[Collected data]
↓

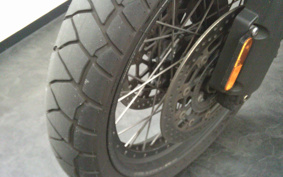 TRIUMPH TRIUMPH TIGER EXPLORER 2016 V1F45E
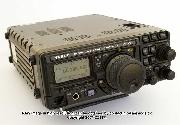 ft-897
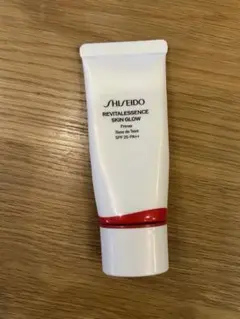 SHISEIDO エッセンス スキングロウ プライマーのサムネイル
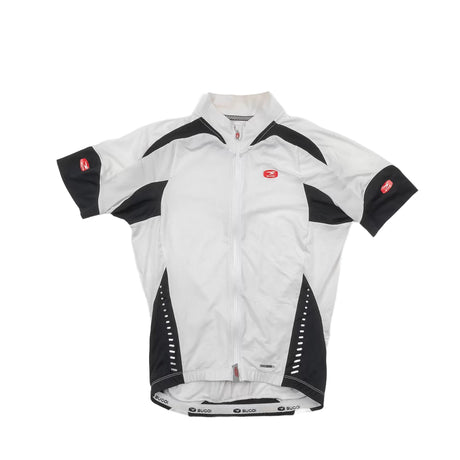 SWhite/Black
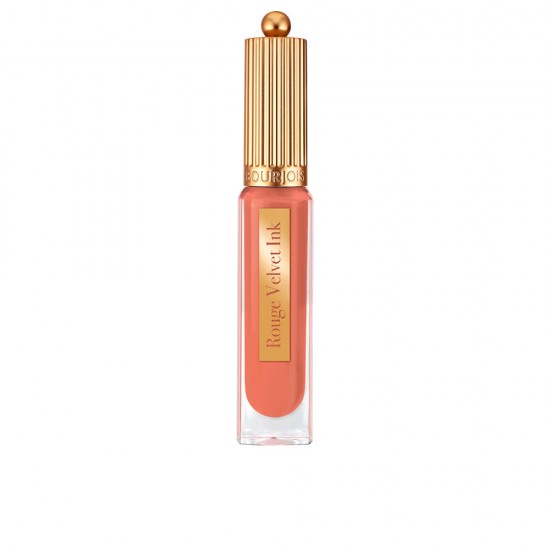 ROUGE VELVET INK liquid lipstick #002 3,5 ml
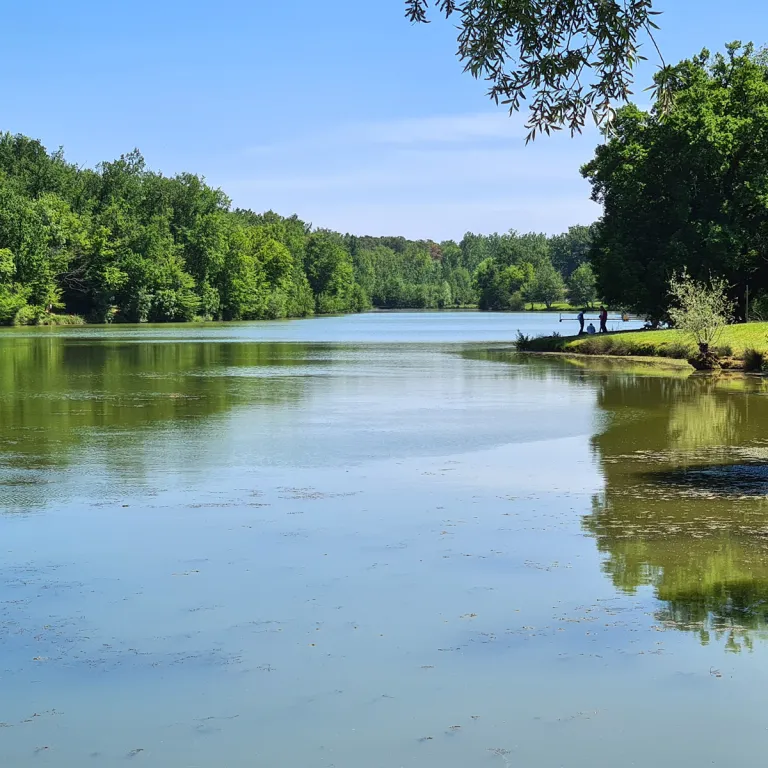 Tourisme durable dans le Lot-et-Garonne
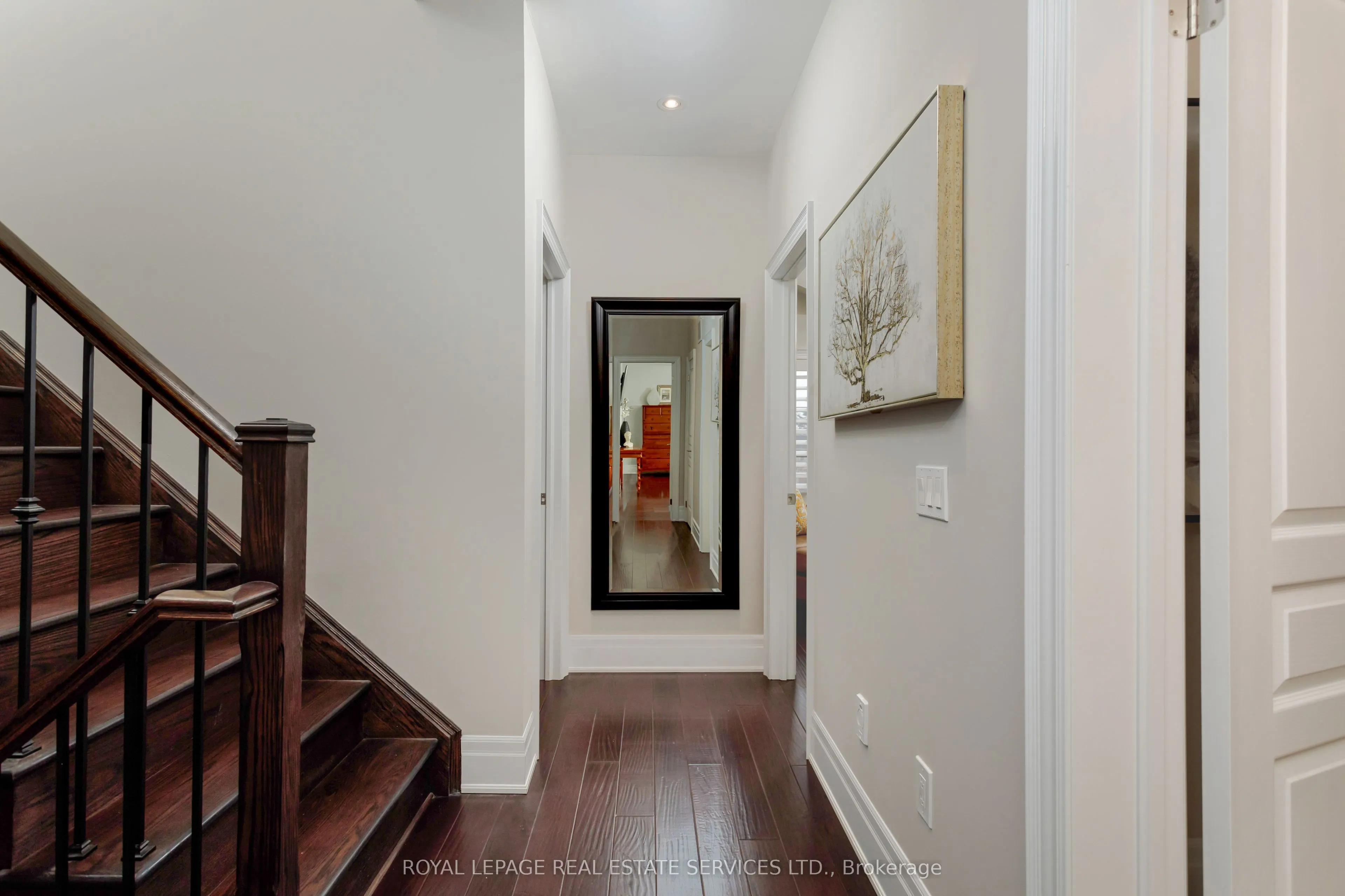 251 Hanover Street
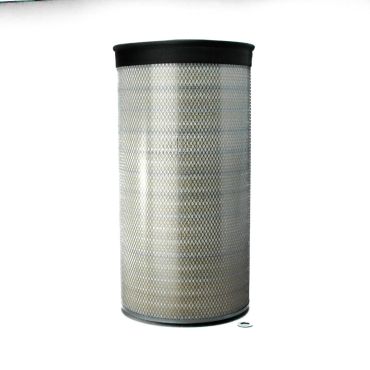 P607369 Filtro Aire Redondo Primario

↑

● TASK ITEM
Copy out exactly the lines between the line containing "Tourisme durable dans le Lot-et-Garonne" and the end of the entries, including both, and leave the pictures behind.

● FINISHED TASK
 Tourisme durable dans le Lot-et-Garonne
 251 Hanover Street
 P607369 Filtro Aire Redondo Primario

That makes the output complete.